▶ [Activity] Reproduce exactly the lines below from the one containing "Used 2020 Lincoln" through the one containing "Surestay Hotel By", including both, and nothing else.

[Dataset records]
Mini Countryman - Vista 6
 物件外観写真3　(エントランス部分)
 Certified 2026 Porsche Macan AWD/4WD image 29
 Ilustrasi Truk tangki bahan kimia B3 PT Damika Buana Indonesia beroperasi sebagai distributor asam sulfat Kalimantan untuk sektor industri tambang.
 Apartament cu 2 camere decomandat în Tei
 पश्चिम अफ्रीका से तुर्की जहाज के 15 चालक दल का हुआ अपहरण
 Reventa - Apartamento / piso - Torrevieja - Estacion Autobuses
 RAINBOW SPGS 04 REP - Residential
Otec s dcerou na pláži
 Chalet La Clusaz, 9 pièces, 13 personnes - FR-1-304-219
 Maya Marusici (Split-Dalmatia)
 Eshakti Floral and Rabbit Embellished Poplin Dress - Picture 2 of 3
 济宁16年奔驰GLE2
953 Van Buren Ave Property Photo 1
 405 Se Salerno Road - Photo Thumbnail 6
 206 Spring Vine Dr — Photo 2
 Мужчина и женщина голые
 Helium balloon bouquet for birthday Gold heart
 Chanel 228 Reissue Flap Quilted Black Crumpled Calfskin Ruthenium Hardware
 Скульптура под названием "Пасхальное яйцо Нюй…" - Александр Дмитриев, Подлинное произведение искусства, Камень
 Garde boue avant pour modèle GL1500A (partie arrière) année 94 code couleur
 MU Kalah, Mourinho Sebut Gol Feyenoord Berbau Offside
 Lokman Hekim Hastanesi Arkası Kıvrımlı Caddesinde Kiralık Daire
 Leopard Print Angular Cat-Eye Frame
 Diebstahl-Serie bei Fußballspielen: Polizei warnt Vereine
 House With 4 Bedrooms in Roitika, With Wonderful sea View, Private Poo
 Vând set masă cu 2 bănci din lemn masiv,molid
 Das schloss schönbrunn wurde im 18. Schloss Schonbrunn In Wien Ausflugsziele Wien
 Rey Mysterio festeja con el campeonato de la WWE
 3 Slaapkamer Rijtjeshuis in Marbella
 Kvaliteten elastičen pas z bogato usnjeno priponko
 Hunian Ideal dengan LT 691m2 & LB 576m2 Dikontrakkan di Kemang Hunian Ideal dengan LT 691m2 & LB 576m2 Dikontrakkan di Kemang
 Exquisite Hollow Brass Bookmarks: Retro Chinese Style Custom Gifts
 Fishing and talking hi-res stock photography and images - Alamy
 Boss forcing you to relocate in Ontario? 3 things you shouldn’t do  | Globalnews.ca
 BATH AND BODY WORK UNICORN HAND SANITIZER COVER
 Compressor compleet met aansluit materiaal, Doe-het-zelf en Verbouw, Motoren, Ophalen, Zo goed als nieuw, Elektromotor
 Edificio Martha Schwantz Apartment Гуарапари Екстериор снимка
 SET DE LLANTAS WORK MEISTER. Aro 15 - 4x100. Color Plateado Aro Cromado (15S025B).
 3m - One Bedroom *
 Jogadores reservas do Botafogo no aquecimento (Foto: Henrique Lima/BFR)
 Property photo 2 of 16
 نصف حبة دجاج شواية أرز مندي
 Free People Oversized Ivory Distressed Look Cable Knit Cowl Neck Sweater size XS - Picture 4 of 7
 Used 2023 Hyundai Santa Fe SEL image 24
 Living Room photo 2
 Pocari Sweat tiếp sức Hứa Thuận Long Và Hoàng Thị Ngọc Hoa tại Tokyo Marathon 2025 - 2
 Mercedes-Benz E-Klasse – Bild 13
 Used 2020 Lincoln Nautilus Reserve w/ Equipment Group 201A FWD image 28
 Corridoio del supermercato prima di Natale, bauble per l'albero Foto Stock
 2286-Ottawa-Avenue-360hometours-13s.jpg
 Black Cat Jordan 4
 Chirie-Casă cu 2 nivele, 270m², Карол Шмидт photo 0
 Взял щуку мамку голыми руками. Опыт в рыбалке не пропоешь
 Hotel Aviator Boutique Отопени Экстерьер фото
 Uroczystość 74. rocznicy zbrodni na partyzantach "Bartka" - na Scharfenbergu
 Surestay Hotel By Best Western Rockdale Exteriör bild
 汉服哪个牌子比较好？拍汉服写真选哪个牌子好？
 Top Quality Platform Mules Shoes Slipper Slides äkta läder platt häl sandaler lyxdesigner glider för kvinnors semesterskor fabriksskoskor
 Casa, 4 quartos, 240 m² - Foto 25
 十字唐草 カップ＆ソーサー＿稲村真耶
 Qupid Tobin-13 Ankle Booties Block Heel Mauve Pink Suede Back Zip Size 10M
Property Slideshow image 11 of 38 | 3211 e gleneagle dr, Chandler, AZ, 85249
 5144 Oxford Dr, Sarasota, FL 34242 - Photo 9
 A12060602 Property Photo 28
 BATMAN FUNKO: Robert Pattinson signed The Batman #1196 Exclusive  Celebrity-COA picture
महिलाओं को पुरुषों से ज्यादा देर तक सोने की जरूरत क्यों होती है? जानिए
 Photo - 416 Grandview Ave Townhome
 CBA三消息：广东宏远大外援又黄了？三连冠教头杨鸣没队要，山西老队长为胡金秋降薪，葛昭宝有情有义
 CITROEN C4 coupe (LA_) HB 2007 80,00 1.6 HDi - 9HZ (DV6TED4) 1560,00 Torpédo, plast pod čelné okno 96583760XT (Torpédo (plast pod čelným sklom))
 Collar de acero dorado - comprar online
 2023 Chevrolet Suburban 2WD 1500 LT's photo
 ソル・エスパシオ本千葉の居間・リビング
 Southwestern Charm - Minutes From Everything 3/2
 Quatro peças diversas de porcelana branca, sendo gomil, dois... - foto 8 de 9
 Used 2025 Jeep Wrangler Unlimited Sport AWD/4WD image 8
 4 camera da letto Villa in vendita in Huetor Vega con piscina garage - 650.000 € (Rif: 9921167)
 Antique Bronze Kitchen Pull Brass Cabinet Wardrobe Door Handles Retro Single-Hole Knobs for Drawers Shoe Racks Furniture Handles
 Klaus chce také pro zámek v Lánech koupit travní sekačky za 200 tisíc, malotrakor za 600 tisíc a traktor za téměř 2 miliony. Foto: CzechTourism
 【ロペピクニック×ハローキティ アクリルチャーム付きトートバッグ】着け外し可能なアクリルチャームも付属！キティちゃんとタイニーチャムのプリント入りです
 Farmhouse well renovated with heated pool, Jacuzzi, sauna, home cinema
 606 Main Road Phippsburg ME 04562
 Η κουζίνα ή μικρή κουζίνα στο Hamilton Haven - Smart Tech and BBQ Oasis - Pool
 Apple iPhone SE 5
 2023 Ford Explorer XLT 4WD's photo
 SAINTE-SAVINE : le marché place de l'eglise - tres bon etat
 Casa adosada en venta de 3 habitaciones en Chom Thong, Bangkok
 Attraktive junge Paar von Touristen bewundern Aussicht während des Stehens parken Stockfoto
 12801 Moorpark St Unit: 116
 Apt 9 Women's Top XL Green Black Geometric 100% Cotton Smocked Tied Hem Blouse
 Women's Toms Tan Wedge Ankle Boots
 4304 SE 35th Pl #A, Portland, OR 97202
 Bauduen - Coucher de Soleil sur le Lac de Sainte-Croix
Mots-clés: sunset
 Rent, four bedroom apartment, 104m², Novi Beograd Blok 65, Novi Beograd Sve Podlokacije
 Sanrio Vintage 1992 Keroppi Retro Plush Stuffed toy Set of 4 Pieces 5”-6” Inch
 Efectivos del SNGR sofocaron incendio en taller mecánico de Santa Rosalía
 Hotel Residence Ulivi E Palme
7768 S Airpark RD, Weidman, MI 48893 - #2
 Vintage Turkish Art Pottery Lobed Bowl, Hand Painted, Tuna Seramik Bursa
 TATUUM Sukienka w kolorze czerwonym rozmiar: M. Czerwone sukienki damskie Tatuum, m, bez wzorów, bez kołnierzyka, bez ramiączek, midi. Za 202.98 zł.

▶ [Exercise response]
 Used 2020 Lincoln Nautilus Reserve w/ Equipment Group 201A FWD image 28
 Corridoio del supermercato prima di Natale, bauble per l'albero Foto Stock
 2286-Ottawa-Avenue-360hometours-13s.jpg
 Black Cat Jordan 4
 Chirie-Casă cu 2 nivele, 270m², Карол Шмидт photo 0
 Взял щуку мамку голыми руками. Опыт в рыбалке не пропоешь
 Hotel Aviator Boutique Отопени Экстерьер фото
 Uroczystość 74. rocznicy zbrodni na partyzantach "Bartka" - na Scharfenbergu
 Surestay Hotel By Best Western Rockdale Exteriör bild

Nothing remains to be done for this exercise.